*EXERCISE DIRECTIONS*: Your copy should hold only the lines from the one with "3 people using laptops" to the one with "stressed out man", both included, each exactly as it stands below, with no pictures.

*INPUT MATERIAL*:
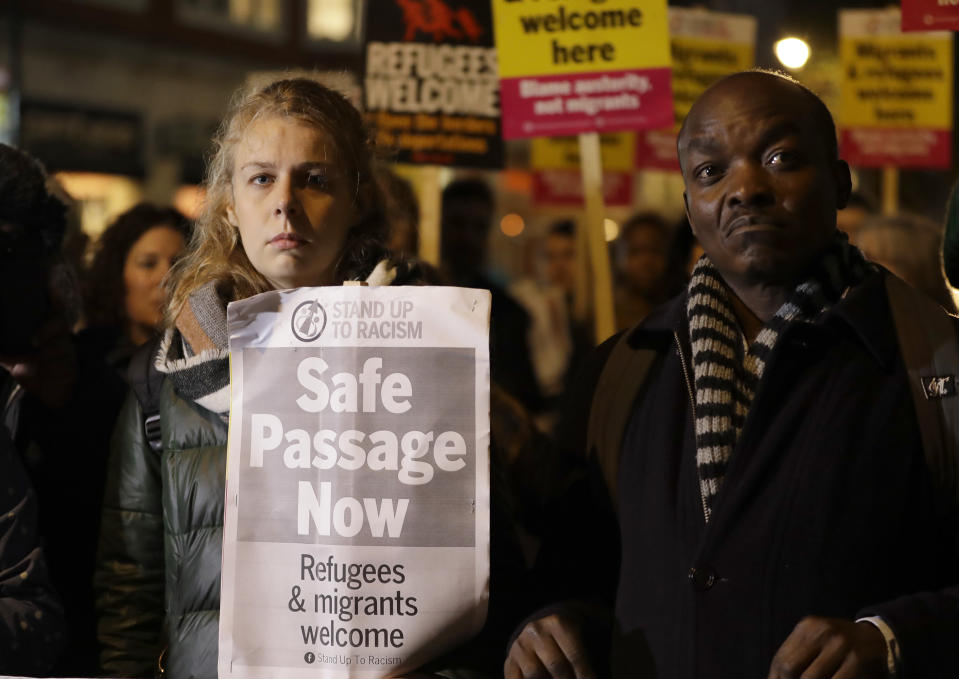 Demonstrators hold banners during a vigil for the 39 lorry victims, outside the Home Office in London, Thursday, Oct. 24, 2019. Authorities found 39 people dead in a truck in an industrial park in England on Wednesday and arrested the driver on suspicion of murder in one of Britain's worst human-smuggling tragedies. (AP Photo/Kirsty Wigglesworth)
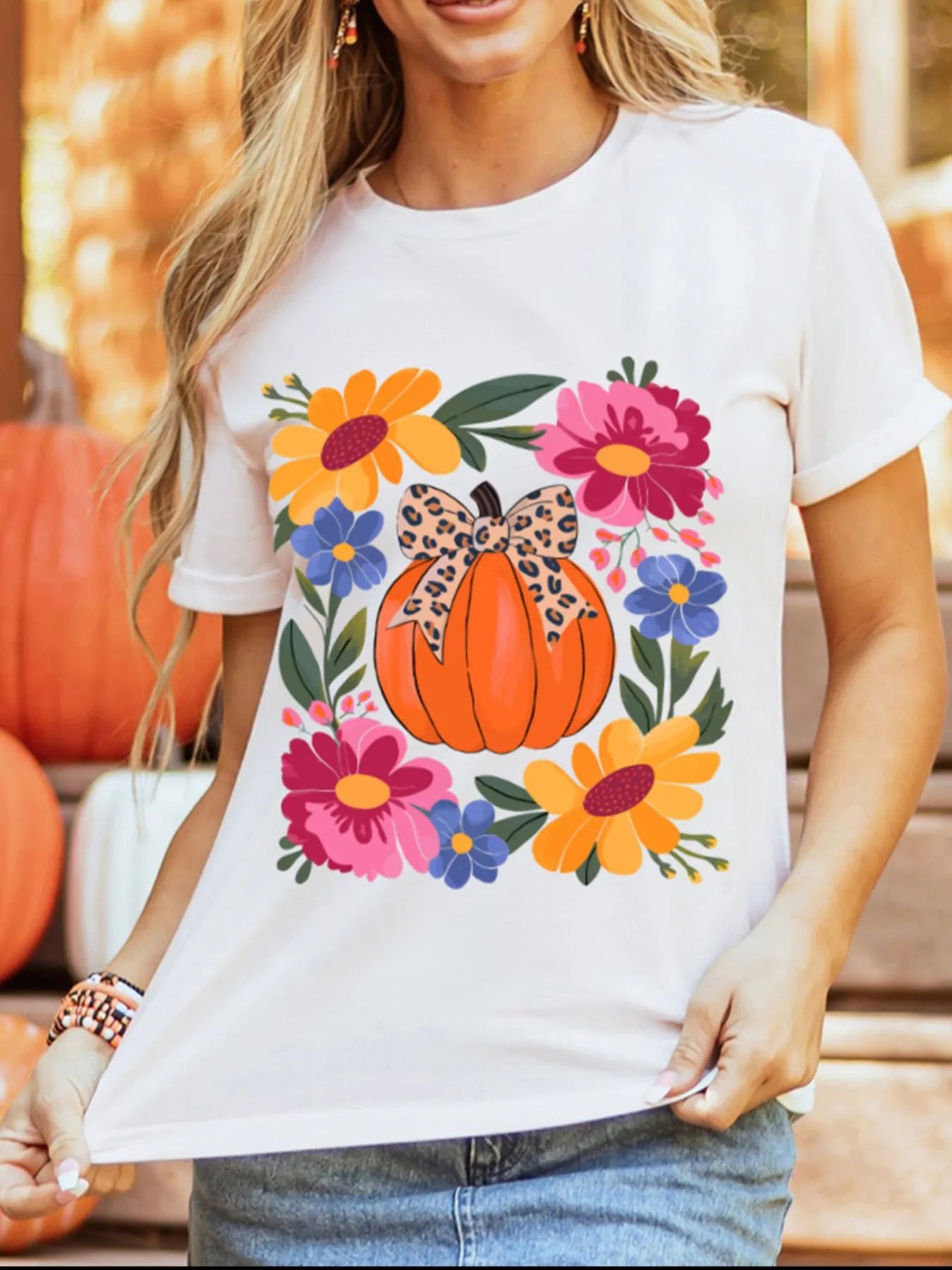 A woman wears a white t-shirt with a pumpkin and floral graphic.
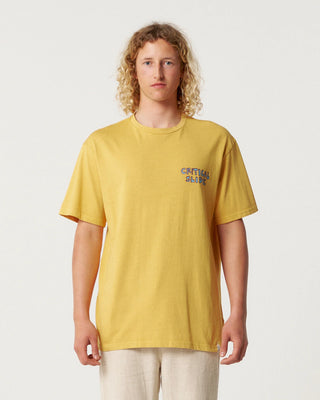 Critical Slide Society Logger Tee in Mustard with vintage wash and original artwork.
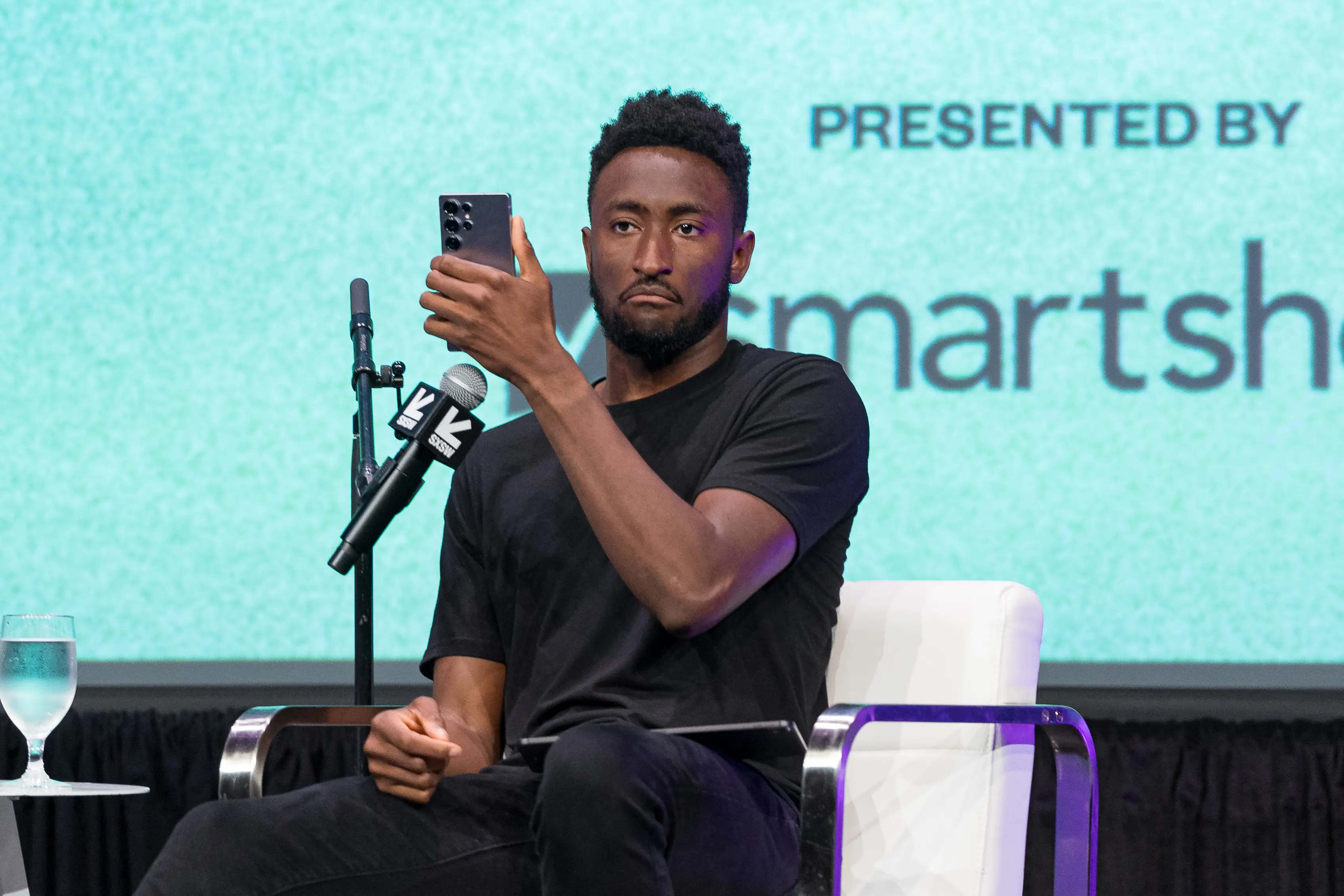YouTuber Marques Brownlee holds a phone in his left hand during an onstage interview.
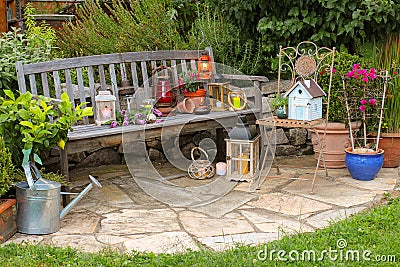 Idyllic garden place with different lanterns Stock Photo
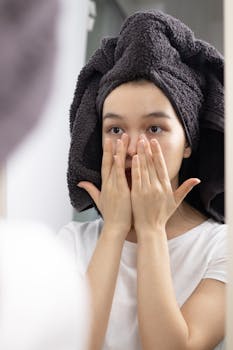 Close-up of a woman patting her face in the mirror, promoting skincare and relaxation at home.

* * *

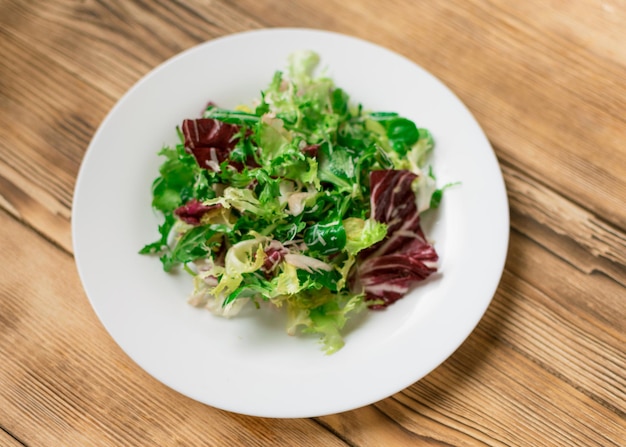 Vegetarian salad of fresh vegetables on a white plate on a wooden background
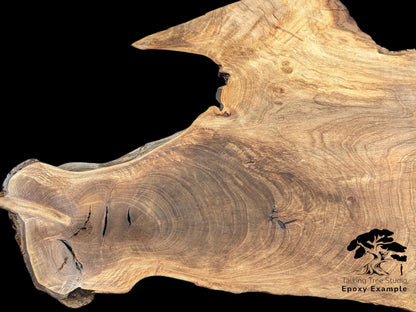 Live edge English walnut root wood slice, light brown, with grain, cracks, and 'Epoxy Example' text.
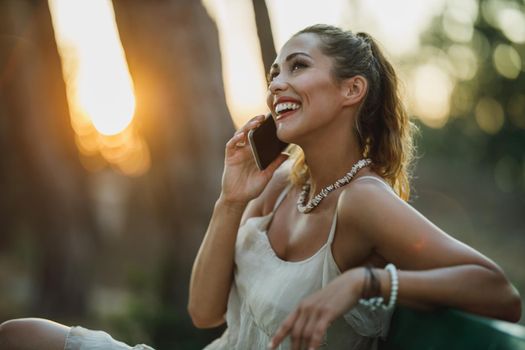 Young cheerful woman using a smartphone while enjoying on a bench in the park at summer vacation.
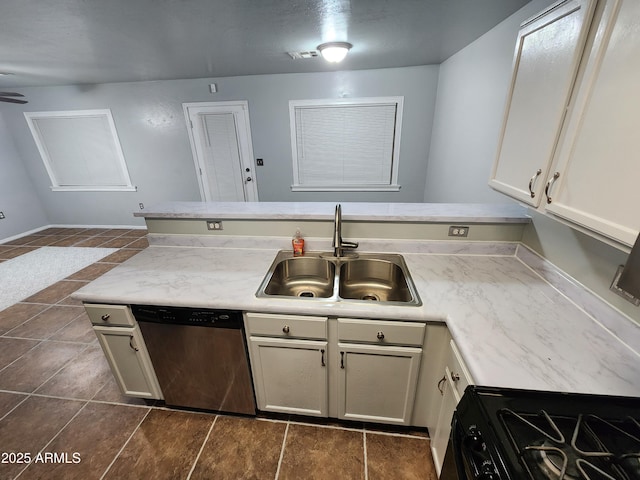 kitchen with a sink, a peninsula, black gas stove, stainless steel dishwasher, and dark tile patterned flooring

--

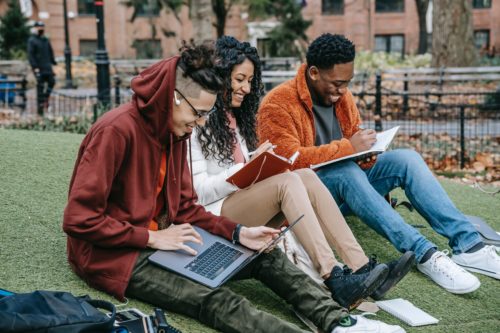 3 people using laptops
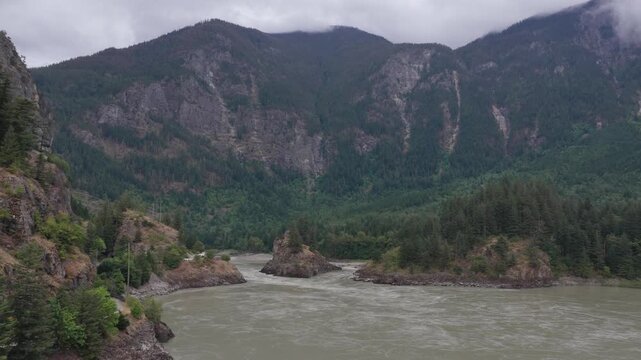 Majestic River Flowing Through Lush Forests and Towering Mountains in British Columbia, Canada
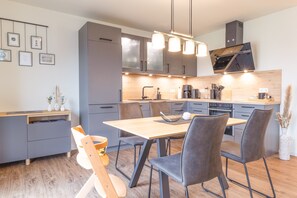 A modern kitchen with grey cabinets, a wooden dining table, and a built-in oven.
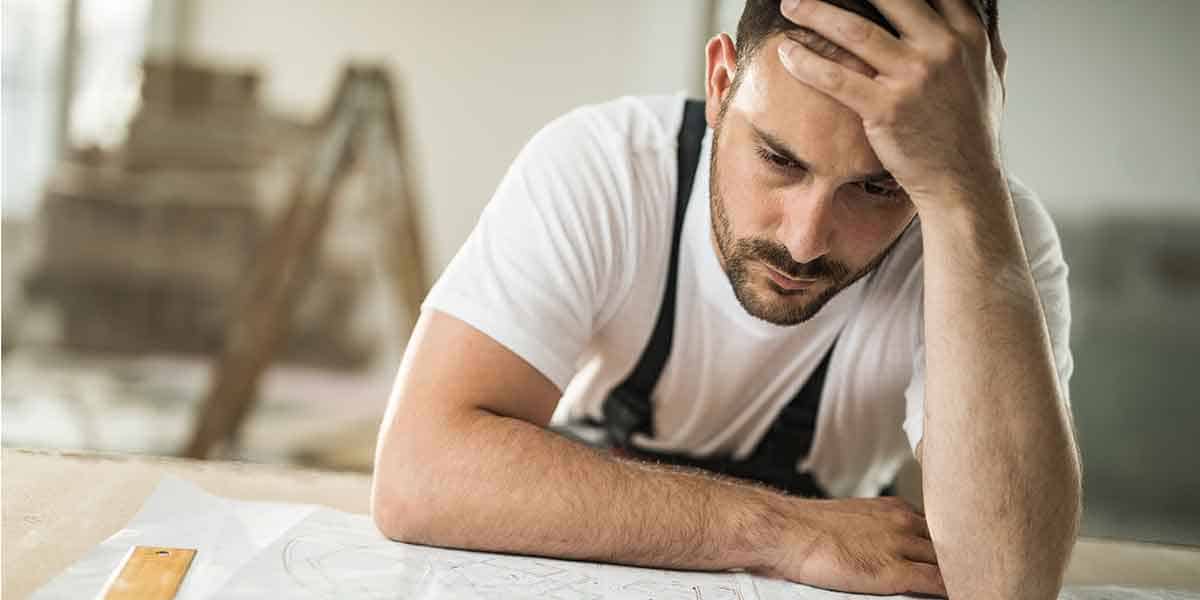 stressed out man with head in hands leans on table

*EXERCISE RESULT*:
 3 people using laptops
 Majestic River Flowing Through Lush Forests and Towering Mountains in British Columbia, Canada
 A modern kitchen with grey cabinets, a wooden dining table, and a built-in oven.
 stressed out man with head in hands leans on table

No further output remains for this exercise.